You are sometimes referred to as the rising star of US diplomacy, who can get things done, like in the instance with huge commercial contracts. What do you consider to be your success?

“You are very kind to say this. I said in my swearing-in statement in Washington DC and I truly believe this: I am in a business where the most important factor is the people. And my most important responsibility is to lead the very large team of both American and Ukrainian colleagues we have here at the embassy. So, you ask me, where do I think I have been successful? Where I have been successful in the past and will hope to do in my current role is to build a strong team of colleagues all of whom draw on their strengths to advance the strategic objective of the United States.”

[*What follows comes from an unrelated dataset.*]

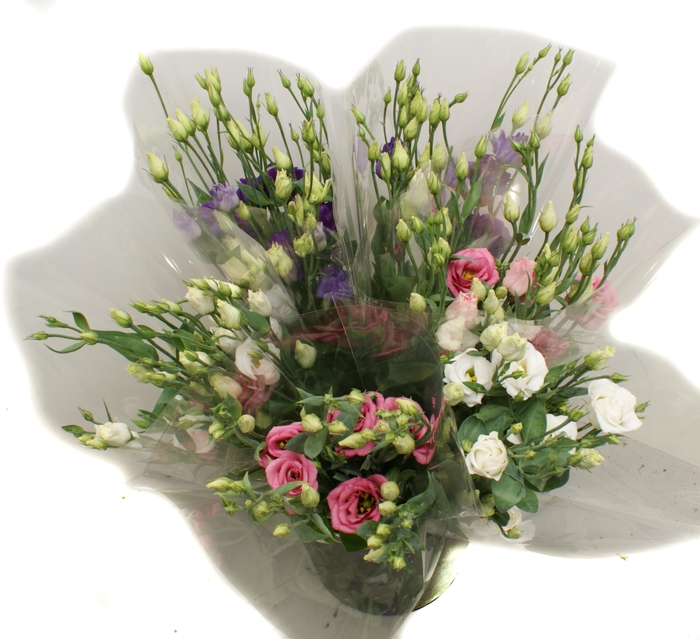 <h4>Mono Eustoma mix</h4>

What is the most important task or objective that the US Government set for you to solve in Ukraine?

“My most important objective is to fulfill the promise of the US-Ukraine strategic partnership, to advance the three priorities I have talked about: Ukraine’s place in Europe, Ukraine’s energy independence and the deepening of Ukrainian democracy. But all of that happens under the umbrella of the strategic partnership which was launched by Secretary Rice and President Bush’s Administration and was inaugurated by Vice President Biden under President Obama. So it is a framework that the United States has committed to at very highest levels of our government with a strong sense of ambition.”

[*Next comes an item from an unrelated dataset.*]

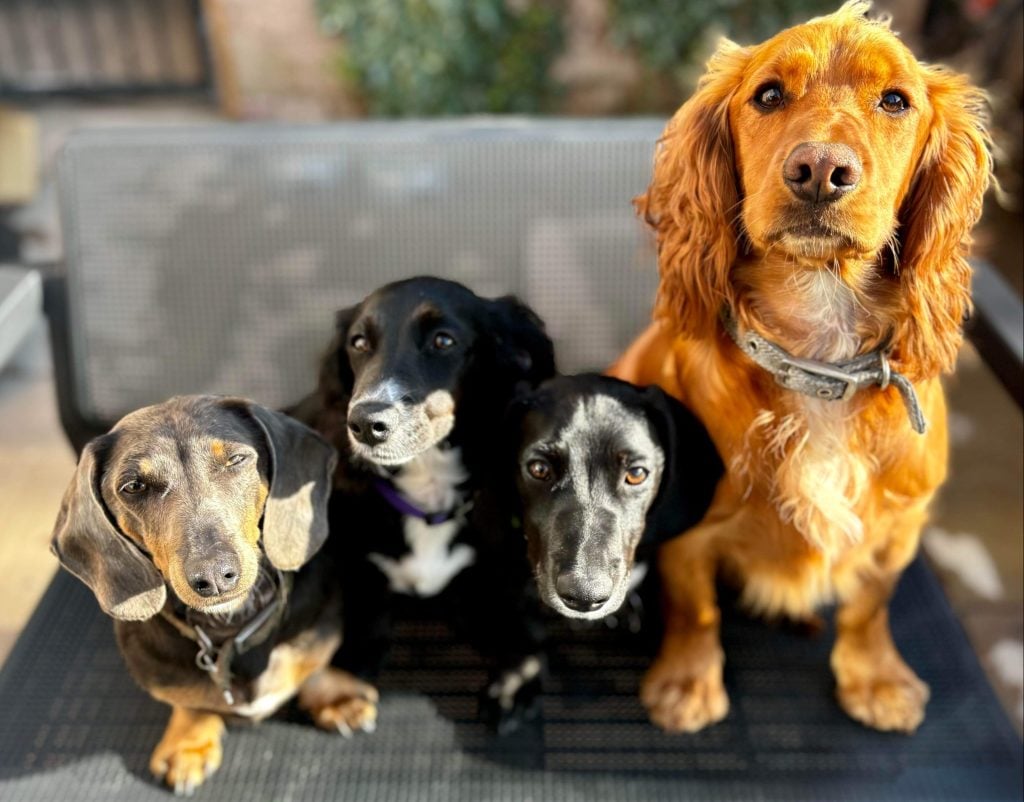 Dachshund and Cocker Spaniel parents with Docker puppies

Can you share ideas about how Ukrainian diaspora in the United States can be encouraged to invest more in Ukraine, and what hampers this?

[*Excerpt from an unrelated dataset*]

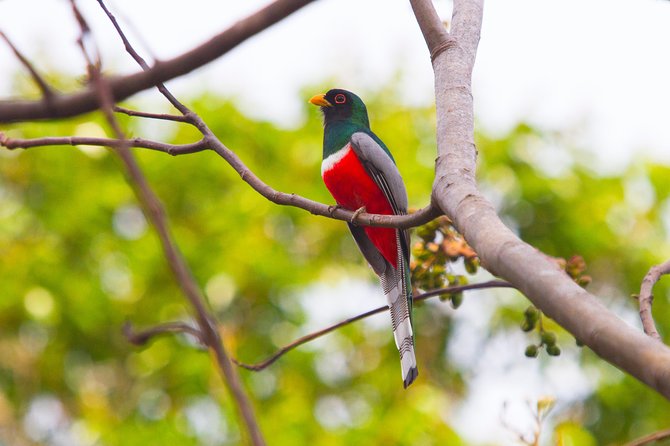 Private Rincón De La Vieja Bird Watching Tour - Explore Rincón De La Vieja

“Thank you for asking this question. And I would say a couple of things. I see this as helping to strengthen the ties at the people-to-people level between our countries. And our strongest bilateral relationships are those which are focused at the people-to-people level. Our new press spokesperson Yaryna is a perfect example – somebody who has fluency in the language, who has family roots in Ukraine. I see this as helping to build confidence. It helps us to understand better the challenges Ukraine is working through. And also Ukrainian diaspora in America can help you to understand what America’s agenda is here. I am deeply confident that Ukraine has no better friend than America. The United States is powerfully committed to Ukraine’s success, Ukraine’s democracy and Ukraine’s prosperity. And that comes from the people of our country.”

You said you are interested in deeper study of Ukrainian history. Can you tell us what books or textbooks do you use to learn about our history?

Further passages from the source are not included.